W. Somerset Maugham was 64 when he wrote his “summing up’, which he called “The Summing Up” and it’s totally wonderful.


Monet never did follow through on this summing up because, he said, it meant that he would have had to travel to northern and southern Europe, to the landscapes that he made famous with his paintings, and, he said, that was not possible because “…nowadays, traveling tires me.”


“And besides [he went on to say], I want to stay put here, where I’m happy. I’ve grown used to the flowers in my garden in the Spring and to the water lilies in my pond . . . they give flavor to my life every day.”


This week I have been imagining, What if Monet had gone through with this project? What would those canvases have looked like? 


So I guess you can tell that, after letting it lay low for a couple of months, I’m back on the Monet project. Suddenly, it doesn’t seem like work to think about it any more, and I’m playing around with ideas that would never have occurred to me two or three weeks ago. Inspiration is a funny thing: or, maybe, I just don’t drink enough wine for breakfast.

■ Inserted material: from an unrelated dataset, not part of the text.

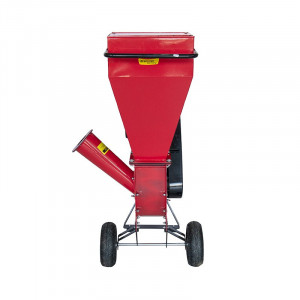 Tocator de crengi pe benzina Breckner TC 7-76, 6.5 CP, grosime maxima crengi 76 mm, 90 kg - Img 6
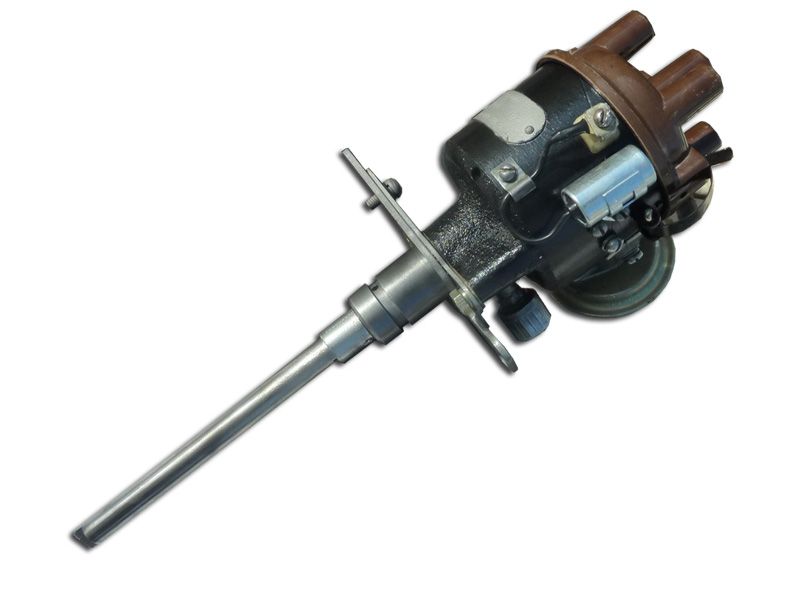 Lennox 23W76 - ( 101081-05 ) Distributor Assy - Sleeved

Top Cat and I are heading to our favorite wilderness on Sunday (two days from now) so stay tuned: It may, or may not, be leaf-painting time.


Until then, here’s Taffy reminding me why I used to complain on long car rides about how impossible it was to share the back seat with my sister:


P.S. I am Bibs in this scenario and Taffy is my mortal enemy and he knows it but he still DOES THIS.


Have a great weekend, Dear Readers. May all your impossible things be made possible by belief.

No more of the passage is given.